Working data -
★ ★ ★

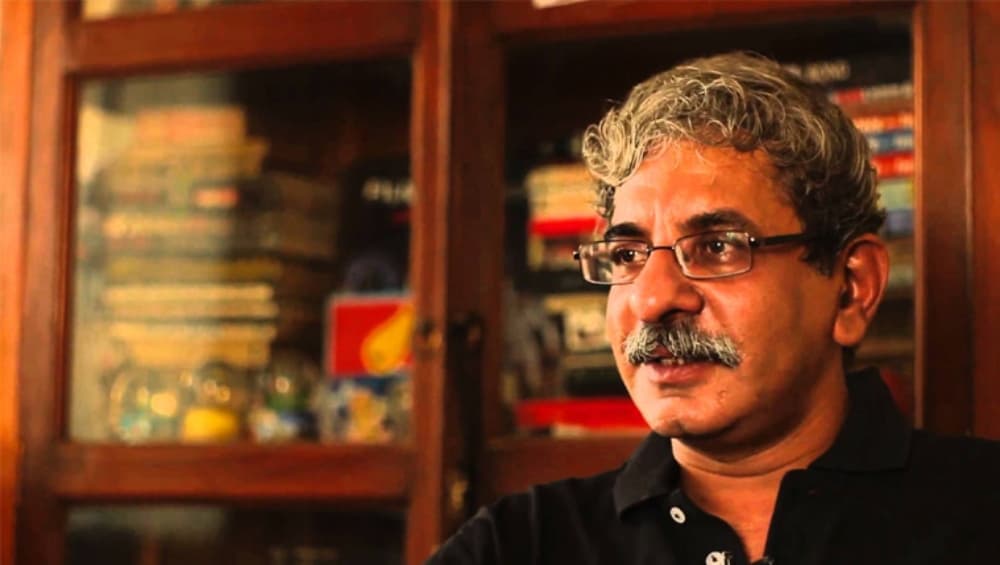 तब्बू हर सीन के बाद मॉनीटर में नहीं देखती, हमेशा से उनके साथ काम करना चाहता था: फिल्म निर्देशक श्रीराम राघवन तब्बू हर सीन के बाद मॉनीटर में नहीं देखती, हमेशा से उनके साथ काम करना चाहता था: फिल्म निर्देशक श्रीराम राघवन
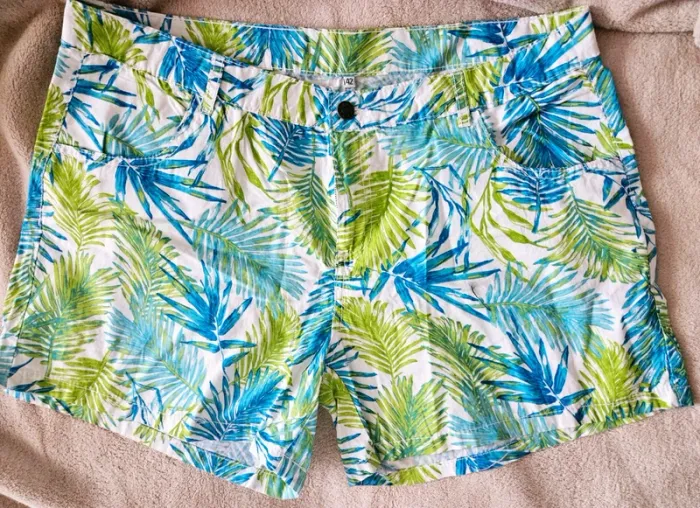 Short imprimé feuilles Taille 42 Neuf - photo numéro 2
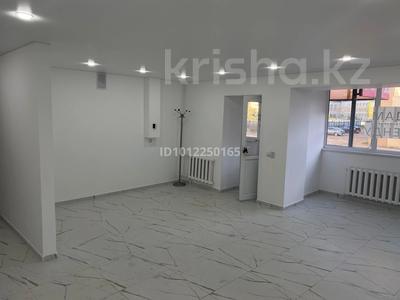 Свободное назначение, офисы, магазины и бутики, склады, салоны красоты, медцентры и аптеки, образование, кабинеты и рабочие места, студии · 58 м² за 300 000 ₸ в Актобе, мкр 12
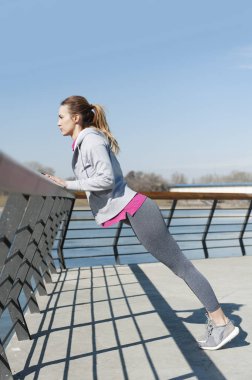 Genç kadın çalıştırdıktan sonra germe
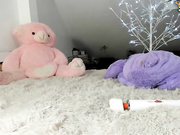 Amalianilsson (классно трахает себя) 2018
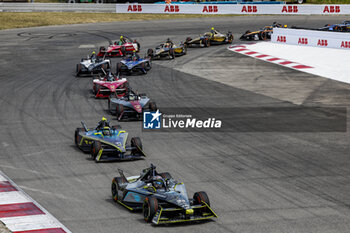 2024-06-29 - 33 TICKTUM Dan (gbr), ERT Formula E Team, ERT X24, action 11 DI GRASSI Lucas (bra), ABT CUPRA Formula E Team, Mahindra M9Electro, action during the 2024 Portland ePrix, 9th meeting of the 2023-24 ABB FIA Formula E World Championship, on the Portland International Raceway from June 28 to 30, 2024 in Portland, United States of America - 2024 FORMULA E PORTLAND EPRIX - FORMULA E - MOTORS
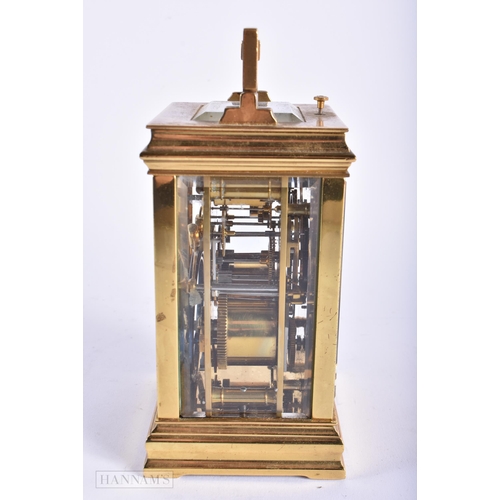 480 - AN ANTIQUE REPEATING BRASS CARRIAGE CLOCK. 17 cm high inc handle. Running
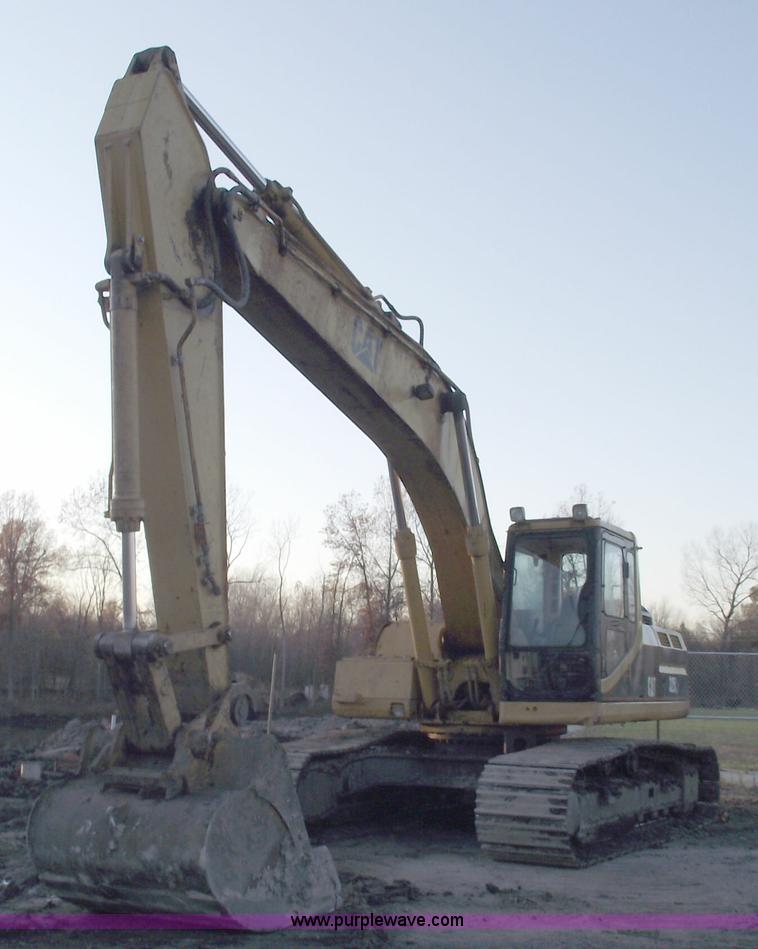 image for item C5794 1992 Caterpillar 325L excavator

★ ★ ★

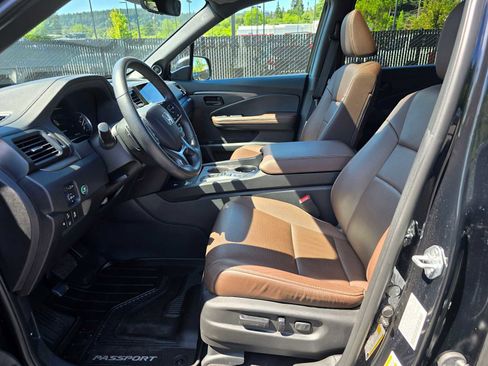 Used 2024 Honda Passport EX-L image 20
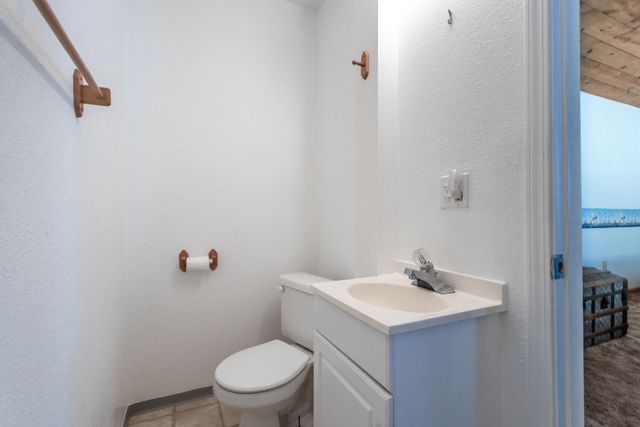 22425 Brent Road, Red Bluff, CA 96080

★ ★ ★

What you are asked to do - Give again the stretch of lines above from the one with "480 - AN ANTIQUE" through the one with "image for item", both ends kept, and copy no pictures.

Answer space -
 480 - AN ANTIQUE REPEATING BRASS CARRIAGE CLOCK. 17 cm high inc handle. Running
 image for item C5794 1992 Caterpillar 325L excavator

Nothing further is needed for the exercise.